Nimmi had retired from films for over two decades by the time K. Asif's widow Akhtar Asif released Love & God on 6 June 1986 in incomplete form. The film suffers badly from compromised editing in an attempt to cover the fact that several key scenes and a clear climax were not filmed before Asif died. But the footage that Nimmi completed before the film was shelved showed she had delivered a subtle and sensitive portrayal and looked beautiful in Technicolor and the period costumes.
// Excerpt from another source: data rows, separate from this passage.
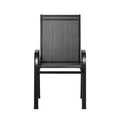 Gardeon 4pc Stackable Outdoor Dining Chairs Black Patio Furniture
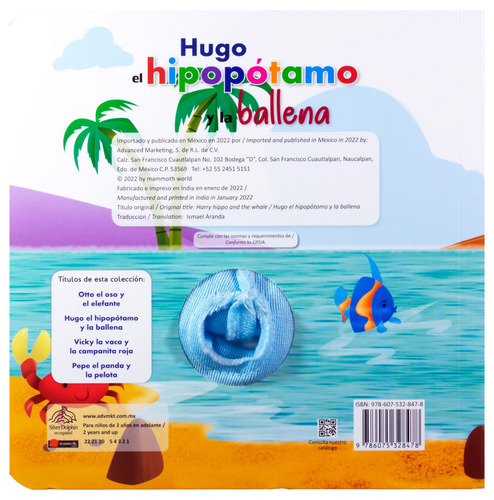Libro con Marioneta: Hugo el Hipopótamo y la Ballena.: Cuento con Títere de tela: Hugo el Hipopótamo y la Ballena., de Varios autores. Editorial Silver Dolphin (en español), tapa dura en español, 2022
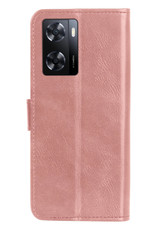 NoXx OPPO A57s Hoesje Book Case Hoes Flip Cover Bookcase 2x Met Screenprotector - Rose Goud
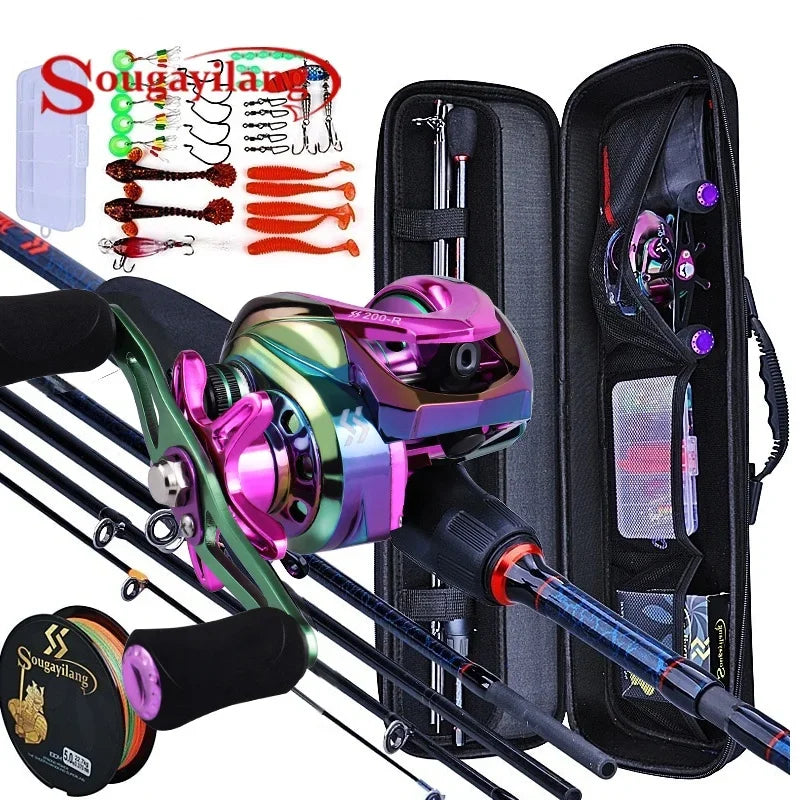 🎣 Sougayilang 5-Section Carbon Fishing Rod & Reel Combo – Travel-Friendly Baitcasting Kit 🎣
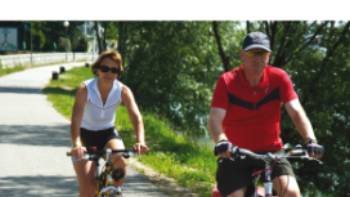 Cyclists on the Danube,Kate Baker Cyclists along the Danube cycle path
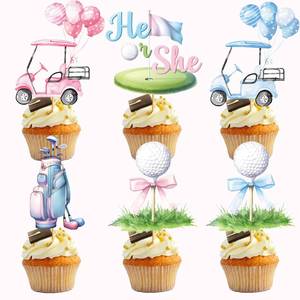 lot 4215 image: Golf Gender Reveal Cupcake Toppers Golf Gender Reveal Decorations Golf Balls Cake Decorations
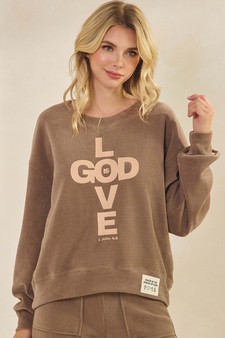 ETA 10/04/25 Women's God Is Love Corduroy Pullover Graphic Sweatshirt (Open Pack)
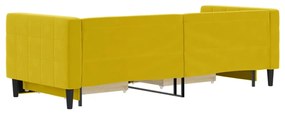 sárga kihúzható bársony heverő fiókkal 80 x 200 cm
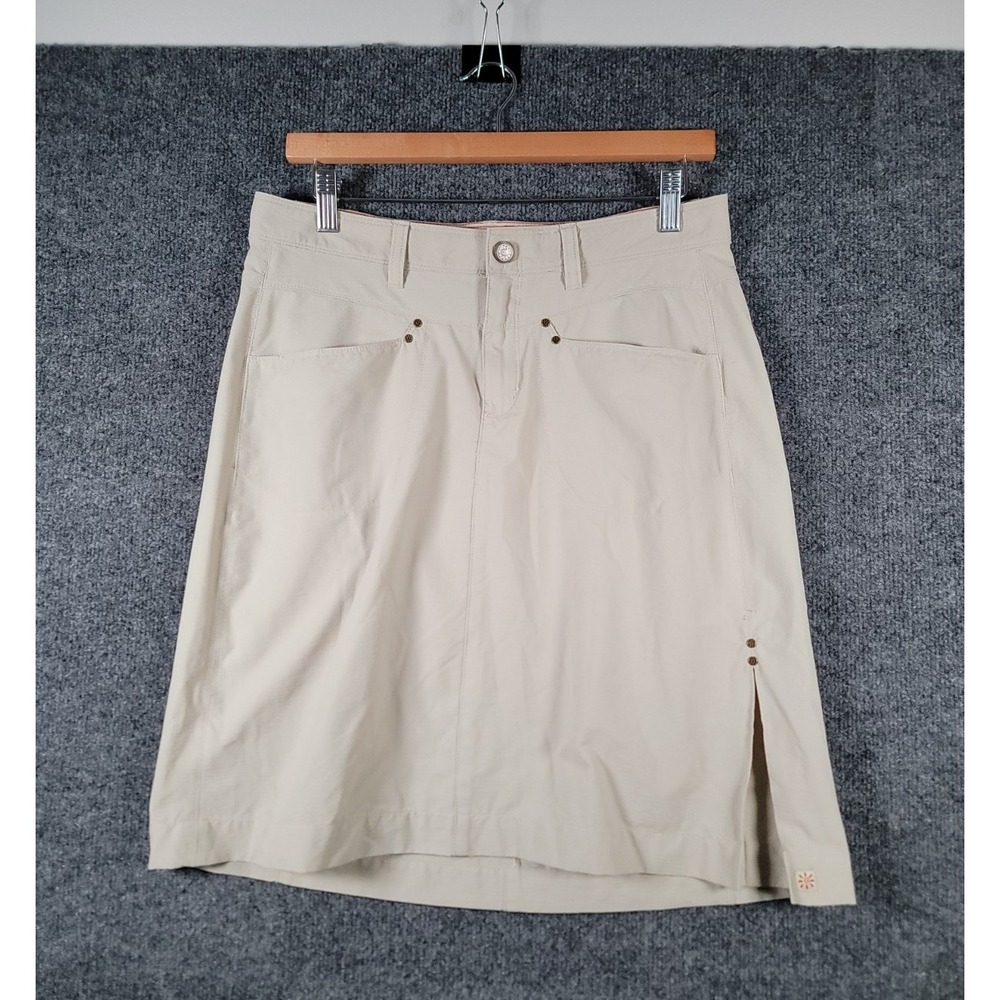 Royal Robbins Skirt Womens Size 6 Beige Straight Pencil Short Zip Pockets Slit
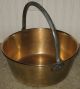 Circa 1800 ' S Spun Brass Pail Bucket W/ Stationary Wrought Handle & Copper Rivets Primitives photo 1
In 2013, in a rare interview with Rajya Sabha TV, Nimmi recounted her complete Hindi film career, from her beginnings as a child in Agra, her first break in Barsaat to the current day, and her experiences during this time.

Personal life

In her interview with Irfan and Rajya Sabha TV, Nimmi recounted that she first saw a photo of her husband Ali Raza, himself a scriptwriter with Mehboob studios, during a shooting at Famous studio. Her hairdresser had shown her Raza's photo in the film magazine "Filmindia" and asked her why she did not want to marry him. She liked the idea as she had heard about Ali Raza. Soon, her co-actor Mukri also suggested the same. They acted as cupids, subsequently, their parents met, and then they were married. Thus, the match was arranged by the two families in the usual Indian way. The couple was not blessed with children, and they were both deeply disappointed by this. They subsequently adopted Nimmi's sister's son, who now lives in Manchester. Her husband Ali Raza died in 2007.

Awards and recognition
 Kalakar Award  (Living Legend Award) in 2015.

Illness and Death
On 25 March 2020, she died at age 87. After prolonged illness, the actor was taken to the Juhu hospital after complaining of breathlessness. On the same evening, doctors confirmed she had died. She was in and out of the hospital during the past year due to her illness.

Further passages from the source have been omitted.